## Work item
Below are the entries to work from; restate word for word the portion that opens with the line containing "Parker Origa Double" and closes with the line containing "Sacai collared striped", keeping both.

********

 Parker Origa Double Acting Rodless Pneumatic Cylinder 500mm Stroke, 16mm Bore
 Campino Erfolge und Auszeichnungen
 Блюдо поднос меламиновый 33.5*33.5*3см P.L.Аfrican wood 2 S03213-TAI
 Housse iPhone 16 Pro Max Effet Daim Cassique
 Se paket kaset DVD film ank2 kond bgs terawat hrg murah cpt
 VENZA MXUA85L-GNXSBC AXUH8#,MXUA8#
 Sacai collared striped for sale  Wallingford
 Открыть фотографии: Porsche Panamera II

********

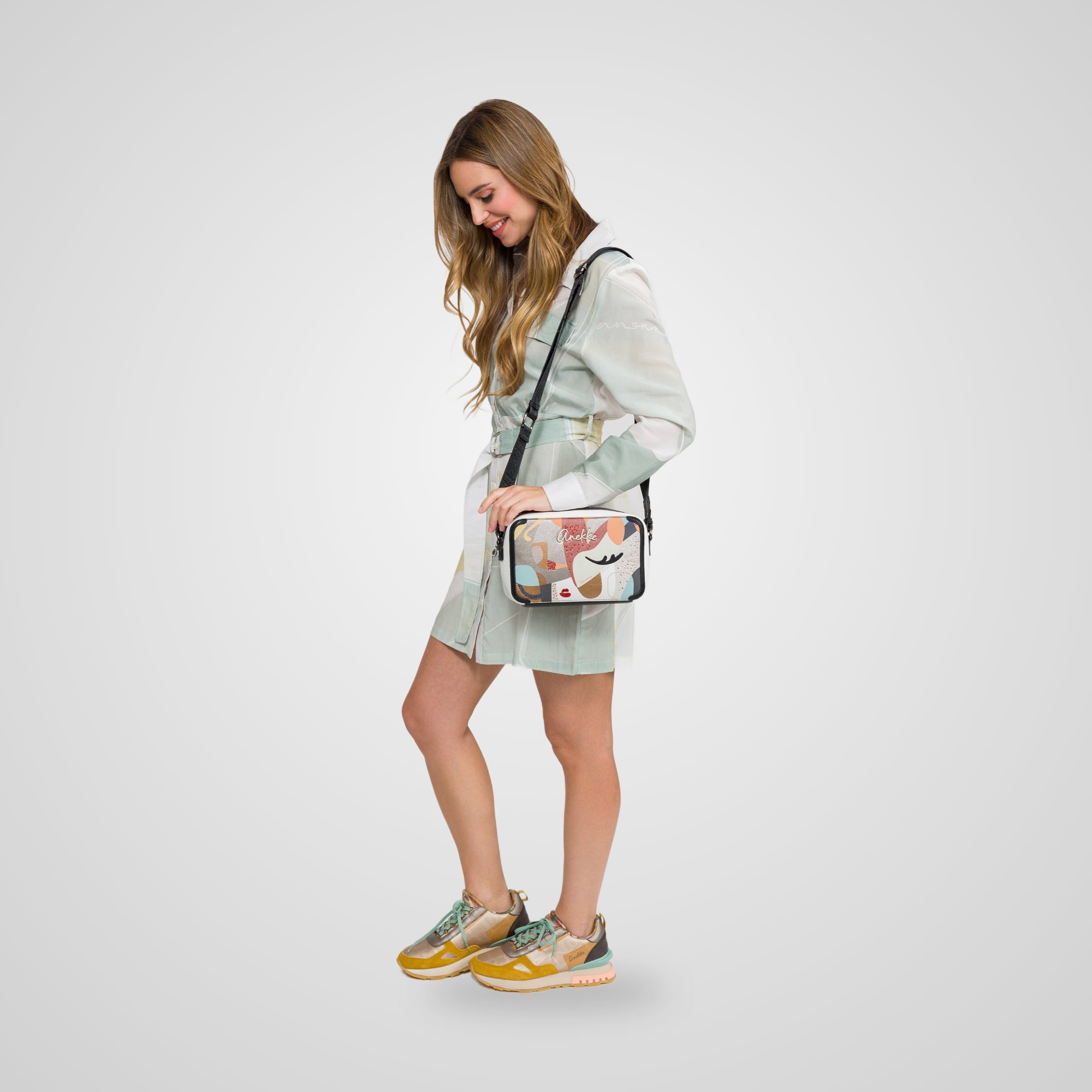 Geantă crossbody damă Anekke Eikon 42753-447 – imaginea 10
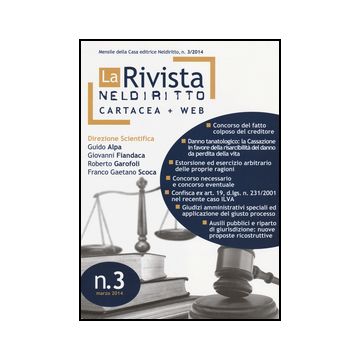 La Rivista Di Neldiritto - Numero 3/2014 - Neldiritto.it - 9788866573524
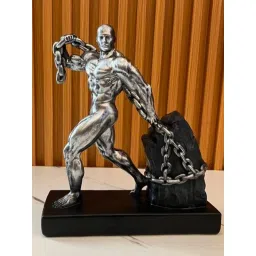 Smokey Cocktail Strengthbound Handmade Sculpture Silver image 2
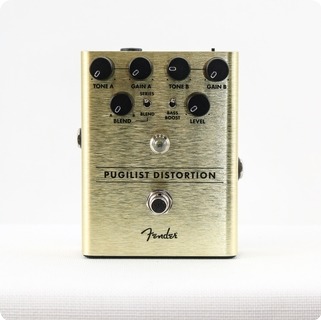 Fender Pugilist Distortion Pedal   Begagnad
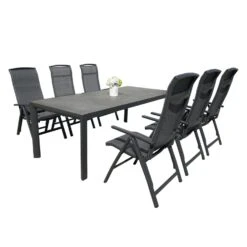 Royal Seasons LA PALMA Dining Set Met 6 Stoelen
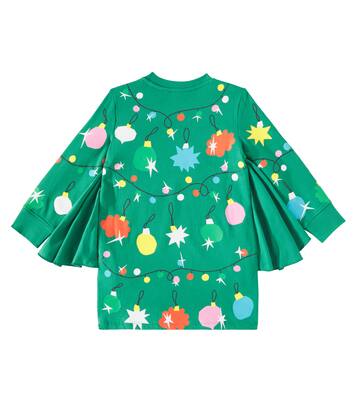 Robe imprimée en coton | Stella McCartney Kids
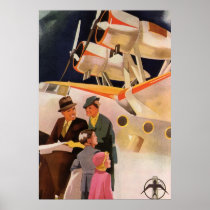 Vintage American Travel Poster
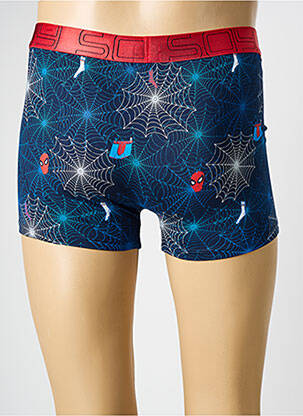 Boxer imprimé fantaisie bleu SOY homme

********

## Answer to this problem
 Parker Origa Double Acting Rodless Pneumatic Cylinder 500mm Stroke, 16mm Bore
 Campino Erfolge und Auszeichnungen
 Блюдо поднос меламиновый 33.5*33.5*3см P.L.Аfrican wood 2 S03213-TAI
 Housse iPhone 16 Pro Max Effet Daim Cassique
 Se paket kaset DVD film ank2 kond bgs terawat hrg murah cpt
 VENZA MXUA85L-GNXSBC AXUH8#,MXUA8#
 Sacai collared striped for sale  Wallingford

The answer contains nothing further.